Excellent article James, very convincing arguments, well put together and executed.

author by shoegirlpublication date Mon Dec 13, 2004 23:28author address author phone

Some of the points made are very valid. However a worrying trend has developed over the last 15 years wherby the cost of 3rd level has escalated to an almost unsustainable point. At the same time, the main beneficaries of free fess have been those who can afford to pay. Those teaching in 3rd level can see this very clearly.

Now the issue I notice is not just the level of 3rd level fees but their extent. At the moment the so called "registration fee" has inflated itself to the point where it actually matches the fees charged 20 years ago for diploma and certificate courses. Considering also that the number of courses has massively increased exponentially, and that the number of students is likely to decline, this means that there is limited financial support for courses, especially less popular ones.

Now there is also a train of thought that 3rd level education is an investment in your future. For some students this is true, but a large minority fail to gain financially as a result of 3rd level education. Anybody not from a priveliged background who has done a non vocational course that they subsequently are unable to make use of in a career does not lose out in a free fees situation, but would end up doubly penalised in a high fee charging situation. Seeing as the fees for non eligible students is now in the 2.5k-5k range, this would be a heavy penalty for these students in particular if fees were reimposed. That doesn't even take into accound the high fee inflation that is likely to happen over the next few years if universities were left free to raise fees.

I think there is definitely a vested interest in the universities in re-imposing fees as it would again allow them to increase fees to meet their needs. However this could be at the expense of many students. On the other hand, this begs the question why the government has continued to commit to 3rd level free fee schemes without properly funding the colleges. This doesn't even take into account why maintenance grants have fallen in real terms, thus causing more hardship for students most in need.

I have mixed feelings about the reintroduction of fees. On one hand, there is a sizable group of students from wealthy backgrounds who are well able to afford fees and do not need the subsidies given.
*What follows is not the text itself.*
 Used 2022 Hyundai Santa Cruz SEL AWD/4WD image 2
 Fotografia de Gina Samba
On the other hand, there is an equally large number of students who would suffer if fees were reintroduced. I would also issue anybody who strongly believes in fees to look at what has happened in the UK, where the introduction of student loans has more or less accompanied a massive lending boom leading to a life of chronic debt for many people, many of them now numbed to the impact of debt by the fact that they started off with substantial student debts. This is a real danger in a loan scheme. And the main beneficiary are the financial services organisations who back the government schemes.

I think colleges themselves need to review the value of their courses. I spent 6 years in TCD myself, and feel now that many university and college courses serve those who work at the colleges more than those who take the courses. This "value for money" issue needs to be addressed from the governments perspective.
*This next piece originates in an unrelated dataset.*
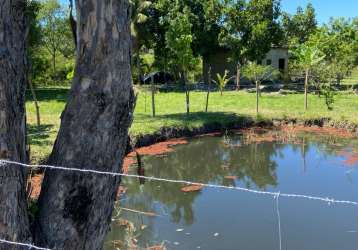 Fazenda/sítio/chácara para venda com 20000 metros quadrados com 3 quartos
author by Chris Bond - UCD students unionpublication date Tue Dec 14, 2004 20:40author address author phone

I think that the best way for the rich to pay for 3rd level education is to introduce more tax bands to get more revenue from the super rich. The problem with introducing fees based on parents income is that, it doesn`t take into account the students independence of his/her parents nor does it take into account the parents willingness to pay these fees. A system of Universal free 3rd level education funded by the exchequer to a more progressive system of taxation is best way to go about it.